Taiwan is majority Buddhist and Taoist. Christians make up only 4 percent of the population.
The Presbyterian Church in Taiwan carved a niche and grew in political stature in the 1950s, after the Chinese Nationalist Party (KMT) came into power in Taiwan, said Christine Lin, who in 1999 published a book about the denomination’s vital advocacy of local autonomy in Taiwan.
The KMT imposed what many perceive to have been an oppressive regime and targeted Presbyterians, even labeling them “terrorists,” she said.
On June 28, 1997 — three days before Hong Kong’s reversion to China — Lin recalls being at a rally with 60,000 people outside Taipei’s World Trade Center.
She said that nearly one-third of those gathered were Presbyterians who had arrived by bus from across Taiwan.
Lin, who grew up going to one of the denomination’s churches in Saint Louis, Missouri, witnessed a Presbyterian minister leading the congregation in singing phrases in Taiwanese such as “make Taiwan independent” to the tune of Glory, Glory Hallelujah.
The Presbyterian Church in Taiwan distinguished itself as a “native church” that represented Taiwanese, Hakka and indigenous people, with a political vision rooted in democracy and self-determination — ideals that many Taiwanese found attractive, Lin said, adding that it succeeded in Romanizing the spoken Taiwanese language.
The denomination was also instrumental in bringing members of the Democratic Progressive Party into power, said Tseng Ju-fang, dean of the School of Theology at Charisma University, an online institution based in the Turks and Caicos Islands.
Tseng worked in the Presbyterian Church of Taiwan’s media department from 2001 to 2003.
Raised in a family that favored Taiwan’s unification with China, Tseng said her mindset later changed thanks to the Presbyterians.
“The Presbyterian Church has always been more inclusive,” she said, adding that church leaders were adept at navigating secular spaces while not imposing their religious beliefs on others. “Their motivation was faith-based, but they didn’t push Christianity on anyone.”

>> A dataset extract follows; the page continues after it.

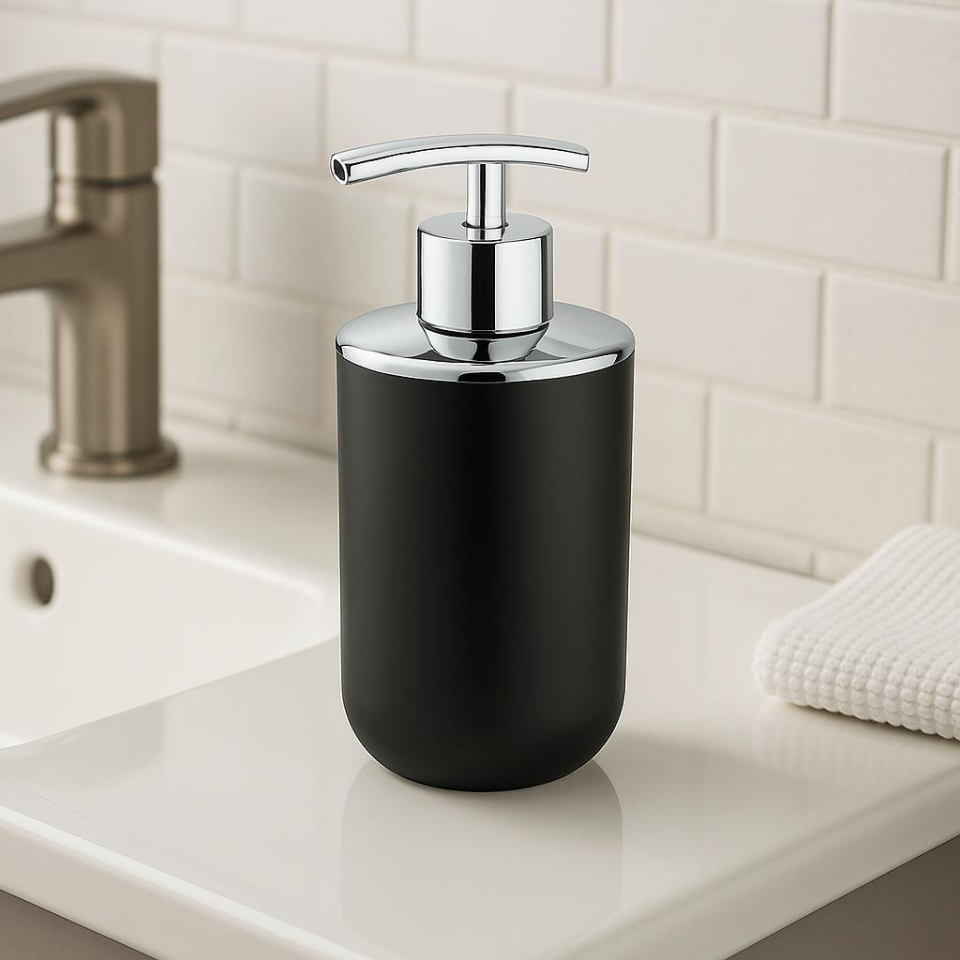 Siyah, Sıvı Sabunluk - Brasil Model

In the US, most of the denomination’s churches largely stay away from politics, Lin said.
“The Presbyterian Church in Taiwan was certainly involved politically, especially from the 1970s,” she said. “But the churches here, while they promoted the Taiwanese language, and supported self-determination and democracy in Taiwan, did not make overt political statements or engage in activism.”
It is common to find people with connections to China in many of the denomination’s churches in the US, said Daisy Tsai, an Old Testament professor at Logos Evangelical Seminary in El Monte, California.

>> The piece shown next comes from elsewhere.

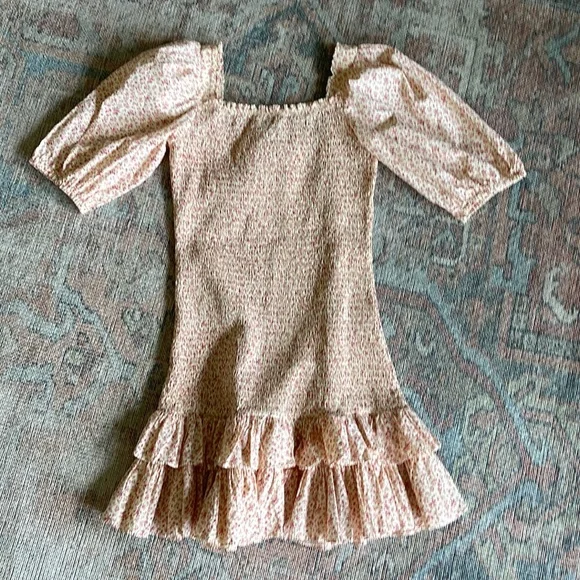 🆕ByTiMo Smocked Poplin Dress in Iris - Picture 9 of 9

The two groups might hold different political beliefs, but their Christian faith binds them, she said.
“People generally mingle and get along,” said Tsai, who is Taiwanese American. “In many churches, there is an unwritten rule that we don’t discuss politics. But sometimes, those discussions could spill over to social media and turn into debates.”
Al Hsu, a second-generation Taiwanese American who lives in the Chicago area, agrees that church is not necessarily a place where people talk politics.

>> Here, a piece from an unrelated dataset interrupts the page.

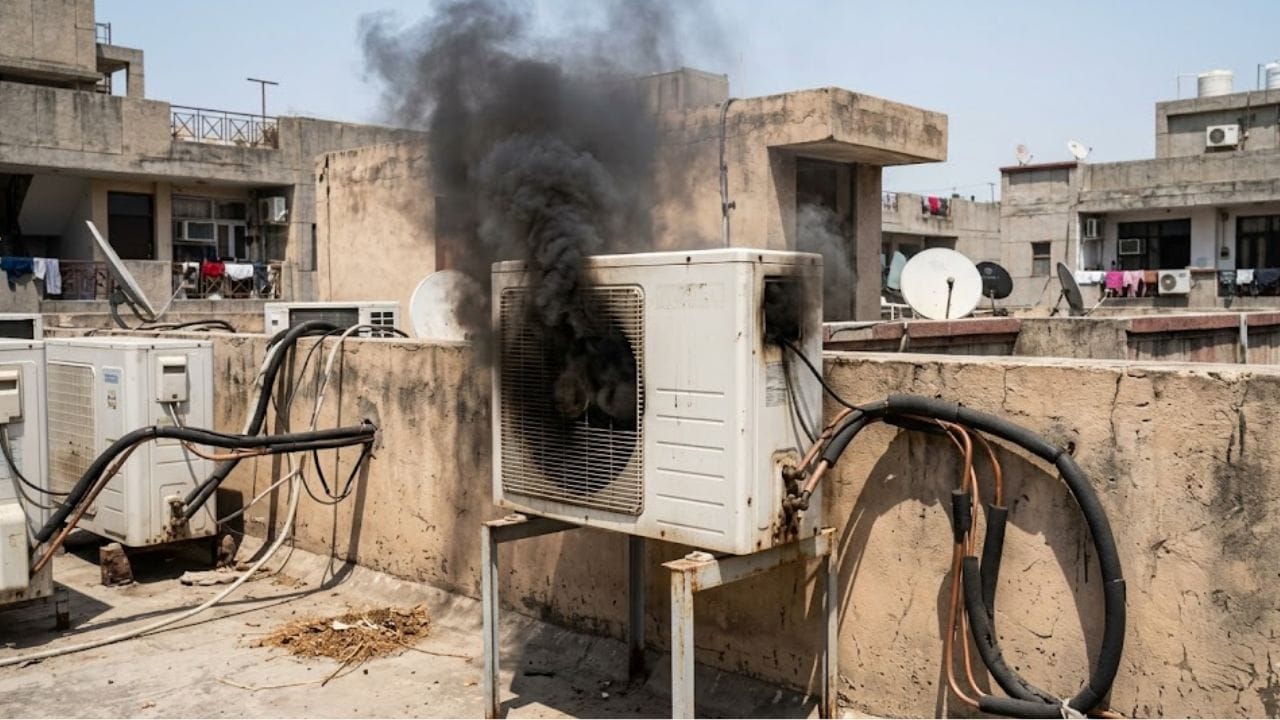 why ac blast explodes reasons and prevention tips in hindi tech news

“But it is a place where we foster a sense of our peoplehood, our heritage and national identity,” he said.
Hsu said his mother holds dual citizenship and travels to Taiwan to vote because she cares about the country’s future.
“The church has been a safe place for the older generation to talk with others who share those concerns,” he said. “For someone to come into such a sacred space and target our ama [“grandmothers”] and agong [“grandfathers”] — to attack the elderly people whom we hold in such reverence — is an attack on our entire community.”